Guest opinion

Why won’t lower drinking ages work in the U.S.?

Why won’t lower drinking ages work in the U.S.?

The easiest answer to this question is that we have created our own social customs surrounding drinking. While individuals from other countries have passed on their more casual attitude toward alcohol consumption, the “taboo” nature in America has caused us to see underage drinking as being “daring” in its own way.

Because we are doing something that we know we should not be doing, we binge, we get drunk, we show off. It is the same response a child would have when knowingly breaking the rules—he secretly disobeys the person who would punish him, then brags to his friends.

One thing America does best is ignore the successes of other countries in areas where we have problems, such as alcohol-related auto accidents. I had the pleasure of meeting three men from Germany, where the drinking age is 16. Despite the younger age at which you can consume alcohol, accident rates related to alcohol consumption are lower than in the U.S.

In the 1990s, the percentage of accidents involving alcohol was only around 10 percent in Germany, whereas it remained between 40 and 50 percent in the U.S.

Imagine a 50-person wing in one of the campus dorms you probably stayed in your freshman year. In Germany, five people would have had an accident in your wing. Here, it would have been you or your roommate.

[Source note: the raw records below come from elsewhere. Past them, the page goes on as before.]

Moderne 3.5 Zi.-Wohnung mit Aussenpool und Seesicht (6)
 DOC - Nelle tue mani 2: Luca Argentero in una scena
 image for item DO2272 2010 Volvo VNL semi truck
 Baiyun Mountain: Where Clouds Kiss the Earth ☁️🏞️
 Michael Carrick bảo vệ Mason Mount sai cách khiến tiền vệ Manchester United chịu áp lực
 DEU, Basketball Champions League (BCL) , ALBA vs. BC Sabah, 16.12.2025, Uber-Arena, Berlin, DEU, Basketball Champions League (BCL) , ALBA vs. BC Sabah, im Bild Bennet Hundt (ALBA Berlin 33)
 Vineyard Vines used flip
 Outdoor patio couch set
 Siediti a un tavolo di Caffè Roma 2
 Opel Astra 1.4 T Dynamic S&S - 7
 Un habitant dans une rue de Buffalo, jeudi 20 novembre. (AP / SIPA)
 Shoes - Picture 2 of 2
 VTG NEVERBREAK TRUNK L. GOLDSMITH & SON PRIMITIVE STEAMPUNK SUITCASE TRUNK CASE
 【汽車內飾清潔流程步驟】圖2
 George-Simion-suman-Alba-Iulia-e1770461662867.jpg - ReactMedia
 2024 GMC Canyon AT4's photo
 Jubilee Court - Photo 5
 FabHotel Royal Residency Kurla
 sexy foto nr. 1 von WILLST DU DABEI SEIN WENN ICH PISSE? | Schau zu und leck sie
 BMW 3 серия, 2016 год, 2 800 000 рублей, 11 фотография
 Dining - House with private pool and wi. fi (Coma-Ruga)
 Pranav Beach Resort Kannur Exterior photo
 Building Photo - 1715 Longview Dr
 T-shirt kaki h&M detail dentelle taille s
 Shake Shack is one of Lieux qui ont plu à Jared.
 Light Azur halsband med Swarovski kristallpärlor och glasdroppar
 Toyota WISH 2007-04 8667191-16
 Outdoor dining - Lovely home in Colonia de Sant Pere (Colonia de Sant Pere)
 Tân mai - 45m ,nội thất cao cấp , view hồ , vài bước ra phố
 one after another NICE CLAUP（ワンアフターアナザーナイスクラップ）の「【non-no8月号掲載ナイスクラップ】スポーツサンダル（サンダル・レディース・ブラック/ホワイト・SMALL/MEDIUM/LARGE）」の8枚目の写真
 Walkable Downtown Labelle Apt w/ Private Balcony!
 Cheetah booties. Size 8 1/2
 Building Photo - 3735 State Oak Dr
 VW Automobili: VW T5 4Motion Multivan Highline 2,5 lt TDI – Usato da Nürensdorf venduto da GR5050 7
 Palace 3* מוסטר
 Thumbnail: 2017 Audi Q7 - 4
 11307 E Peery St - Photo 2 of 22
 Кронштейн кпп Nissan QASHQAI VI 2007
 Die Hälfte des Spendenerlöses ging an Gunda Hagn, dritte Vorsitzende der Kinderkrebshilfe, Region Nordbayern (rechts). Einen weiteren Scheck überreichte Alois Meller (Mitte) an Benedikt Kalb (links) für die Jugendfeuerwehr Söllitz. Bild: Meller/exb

Their solution: Make driver’s licenses harder to get, not raise the drinking age. Of the three that I met, only one obtained a license. Extensive testing and several classes were required before consideration.

Since many do not get their driver’s license in the first place, alcohol-related auto accidents are reduced.

The second component to implementing a change is to change our current ideas about drinking.

Countries with lower or no minimum drinking ages provide a different connotation to drinking. For instance, they choose to have a glass of wine with dinner or a couple of beers at happy hour, not going out on a Saturday night to “get trashed” or black out.

A culture surrounds alcohol consumption. The consumed beverages are not the focus of a social event and because of this, substances that are considered taboo in the U.S. can be used freely because these beliefs are held.

Sadly, the U.S. is too far gone to change to these beliefs. Alcohol being a “dangerous” substance has become so socially ingrained in the public that a new set of laws lowering the legal age would result in chaos—people who would finally be able to drink would indulge themselves in this new freedom.

The best solution is to educate the youth. Explain to them the more social nature behind alcohol. Tell them that it is not about being “so wasted” but enjoying the company that comes with sitting around and having a beer.